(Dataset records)
- Opening Delimiter -

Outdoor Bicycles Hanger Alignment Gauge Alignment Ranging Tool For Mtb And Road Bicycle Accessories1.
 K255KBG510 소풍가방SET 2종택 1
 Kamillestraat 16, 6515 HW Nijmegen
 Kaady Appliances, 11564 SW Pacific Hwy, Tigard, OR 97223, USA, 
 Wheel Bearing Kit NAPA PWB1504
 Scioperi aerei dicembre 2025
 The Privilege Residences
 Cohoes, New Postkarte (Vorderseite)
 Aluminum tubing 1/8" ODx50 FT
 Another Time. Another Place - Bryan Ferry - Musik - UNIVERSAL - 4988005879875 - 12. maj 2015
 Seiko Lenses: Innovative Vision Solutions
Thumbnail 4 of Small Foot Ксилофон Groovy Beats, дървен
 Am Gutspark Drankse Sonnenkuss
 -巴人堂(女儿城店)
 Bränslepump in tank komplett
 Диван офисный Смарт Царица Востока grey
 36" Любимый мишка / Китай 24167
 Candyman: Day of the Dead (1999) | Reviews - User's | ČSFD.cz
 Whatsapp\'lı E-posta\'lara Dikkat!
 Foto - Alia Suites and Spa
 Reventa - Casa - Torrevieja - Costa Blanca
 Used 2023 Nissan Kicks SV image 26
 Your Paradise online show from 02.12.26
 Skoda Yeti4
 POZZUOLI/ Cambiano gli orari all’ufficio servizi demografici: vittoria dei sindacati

- Closing Delimiter -

▶ [Exercise]
Retype each line of the data exactly as it reads.

▶ [Solution for this exercise]
Outdoor Bicycles Hanger Alignment Gauge Alignment Ranging Tool For Mtb And Road Bicycle Accessories1.
 K255KBG510 소풍가방SET 2종택 1
 Kamillestraat 16, 6515 HW Nijmegen
 Kaady Appliances, 11564 SW Pacific Hwy, Tigard, OR 97223, USA, 
 Wheel Bearing Kit NAPA PWB1504
 Scioperi aerei dicembre 2025
 The Privilege Residences
 Cohoes, New Postkarte (Vorderseite)
 Aluminum tubing 1/8" ODx50 FT
 Another Time. Another Place - Bryan Ferry - Musik - UNIVERSAL - 4988005879875 - 12. maj 2015
 Seiko Lenses: Innovative Vision Solutions
Thumbnail 4 of Small Foot Ксилофон Groovy Beats, дървен
 Am Gutspark Drankse Sonnenkuss
 -巴人堂(女儿城店)
 Bränslepump in tank komplett
 Диван офисный Смарт Царица Востока grey
 36" Любимый мишка / Китай 24167
 Candyman: Day of the Dead (1999) | Reviews - User's | ČSFD.cz
 Whatsapp\'lı E-posta\'lara Dikkat!
 Foto - Alia Suites and Spa
 Reventa - Casa - Torrevieja - Costa Blanca
 Used 2023 Nissan Kicks SV image 26
 Your Paradise online show from 02.12.26
 Skoda Yeti4
 POZZUOLI/ Cambiano gli orari all’ufficio servizi demografici: vittoria dei sindacati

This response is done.